_What the task requires_
Line by line, write out the material exactly.

_Excerpted records_
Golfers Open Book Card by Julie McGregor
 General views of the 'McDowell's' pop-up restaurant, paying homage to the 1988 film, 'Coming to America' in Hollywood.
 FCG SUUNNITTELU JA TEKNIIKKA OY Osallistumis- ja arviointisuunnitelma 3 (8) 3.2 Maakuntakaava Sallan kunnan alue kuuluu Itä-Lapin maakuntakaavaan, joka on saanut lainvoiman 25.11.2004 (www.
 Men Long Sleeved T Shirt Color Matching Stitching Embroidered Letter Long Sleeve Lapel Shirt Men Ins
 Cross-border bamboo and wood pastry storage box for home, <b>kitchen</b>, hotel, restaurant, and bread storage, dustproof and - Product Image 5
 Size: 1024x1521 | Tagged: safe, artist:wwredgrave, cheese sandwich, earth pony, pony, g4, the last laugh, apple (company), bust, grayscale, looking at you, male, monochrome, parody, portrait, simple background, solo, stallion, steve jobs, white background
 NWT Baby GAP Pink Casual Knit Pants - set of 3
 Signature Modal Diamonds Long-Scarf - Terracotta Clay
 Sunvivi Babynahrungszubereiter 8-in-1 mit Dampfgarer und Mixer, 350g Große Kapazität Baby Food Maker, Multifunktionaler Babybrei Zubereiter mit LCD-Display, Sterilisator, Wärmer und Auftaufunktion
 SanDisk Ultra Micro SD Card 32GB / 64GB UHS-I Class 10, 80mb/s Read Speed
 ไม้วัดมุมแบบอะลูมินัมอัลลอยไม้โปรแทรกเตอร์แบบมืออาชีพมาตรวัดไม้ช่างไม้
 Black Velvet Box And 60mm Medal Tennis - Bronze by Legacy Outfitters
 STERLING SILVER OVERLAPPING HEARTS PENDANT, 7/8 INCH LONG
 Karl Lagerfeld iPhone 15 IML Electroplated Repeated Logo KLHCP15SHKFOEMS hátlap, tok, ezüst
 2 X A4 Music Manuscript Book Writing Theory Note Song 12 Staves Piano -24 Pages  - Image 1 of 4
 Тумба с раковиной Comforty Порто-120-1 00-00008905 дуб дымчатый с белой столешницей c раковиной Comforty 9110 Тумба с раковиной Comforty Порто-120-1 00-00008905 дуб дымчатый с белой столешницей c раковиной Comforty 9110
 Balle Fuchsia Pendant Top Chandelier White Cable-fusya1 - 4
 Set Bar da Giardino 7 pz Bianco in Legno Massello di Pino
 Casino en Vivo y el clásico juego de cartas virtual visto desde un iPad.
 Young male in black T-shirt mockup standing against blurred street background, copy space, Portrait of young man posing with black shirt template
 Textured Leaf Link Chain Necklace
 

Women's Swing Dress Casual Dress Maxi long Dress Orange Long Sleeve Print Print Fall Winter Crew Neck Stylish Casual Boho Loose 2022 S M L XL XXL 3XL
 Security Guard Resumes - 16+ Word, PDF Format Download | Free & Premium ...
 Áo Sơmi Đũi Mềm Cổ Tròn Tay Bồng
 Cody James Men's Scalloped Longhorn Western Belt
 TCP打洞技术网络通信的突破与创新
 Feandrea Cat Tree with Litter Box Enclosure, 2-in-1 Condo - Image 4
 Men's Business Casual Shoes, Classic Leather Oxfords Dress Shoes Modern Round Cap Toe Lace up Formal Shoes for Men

_Written reply_
Golfers Open Book Card by Julie McGregor
 General views of the 'McDowell's' pop-up restaurant, paying homage to the 1988 film, 'Coming to America' in Hollywood.
 FCG SUUNNITTELU JA TEKNIIKKA OY Osallistumis- ja arviointisuunnitelma 3 (8) 3.2 Maakuntakaava Sallan kunnan alue kuuluu Itä-Lapin maakuntakaavaan, joka on saanut lainvoiman 25.11.2004 (www.
 Men Long Sleeved T Shirt Color Matching Stitching Embroidered Letter Long Sleeve Lapel Shirt Men Ins
 Cross-border bamboo and wood pastry storage box for home, <b>kitchen</b>, hotel, restaurant, and bread storage, dustproof and - Product Image 5
 Size: 1024x1521 | Tagged: safe, artist:wwredgrave, cheese sandwich, earth pony, pony, g4, the last laugh, apple (company), bust, grayscale, looking at you, male, monochrome, parody, portrait, simple background, solo, stallion, steve jobs, white background
 NWT Baby GAP Pink Casual Knit Pants - set of 3
 Signature Modal Diamonds Long-Scarf - Terracotta Clay
 Sunvivi Babynahrungszubereiter 8-in-1 mit Dampfgarer und Mixer, 350g Große Kapazität Baby Food Maker, Multifunktionaler Babybrei Zubereiter mit LCD-Display, Sterilisator, Wärmer und Auftaufunktion
 SanDisk Ultra Micro SD Card 32GB / 64GB UHS-I Class 10, 80mb/s Read Speed
 ไม้วัดมุมแบบอะลูมินัมอัลลอยไม้โปรแทรกเตอร์แบบมืออาชีพมาตรวัดไม้ช่างไม้
 Black Velvet Box And 60mm Medal Tennis - Bronze by Legacy Outfitters
 STERLING SILVER OVERLAPPING HEARTS PENDANT, 7/8 INCH LONG
 Karl Lagerfeld iPhone 15 IML Electroplated Repeated Logo KLHCP15SHKFOEMS hátlap, tok, ezüst
 2 X A4 Music Manuscript Book Writing Theory Note Song 12 Staves Piano -24 Pages  - Image 1 of 4
 Тумба с раковиной Comforty Порто-120-1 00-00008905 дуб дымчатый с белой столешницей c раковиной Comforty 9110 Тумба с раковиной Comforty Порто-120-1 00-00008905 дуб дымчатый с белой столешницей c раковиной Comforty 9110
 Balle Fuchsia Pendant Top Chandelier White Cable-fusya1 - 4
 Set Bar da Giardino 7 pz Bianco in Legno Massello di Pino
 Casino en Vivo y el clásico juego de cartas virtual visto desde un iPad.
 Young male in black T-shirt mockup standing against blurred street background, copy space, Portrait of young man posing with black shirt template
 Textured Leaf Link Chain Necklace
 

Women's Swing Dress Casual Dress Maxi long Dress Orange Long Sleeve Print Print Fall Winter Crew Neck Stylish Casual Boho Loose 2022 S M L XL XXL 3XL
 Security Guard Resumes - 16+ Word, PDF Format Download | Free & Premium ...
 Áo Sơmi Đũi Mềm Cổ Tròn Tay Bồng
 Cody James Men's Scalloped Longhorn Western Belt
 TCP打洞技术网络通信的突破与创新
 Feandrea Cat Tree with Litter Box Enclosure, 2-in-1 Condo - Image 4
 Men's Business Casual Shoes, Classic Leather Oxfords Dress Shoes Modern Round Cap Toe Lace up Formal Shoes for Men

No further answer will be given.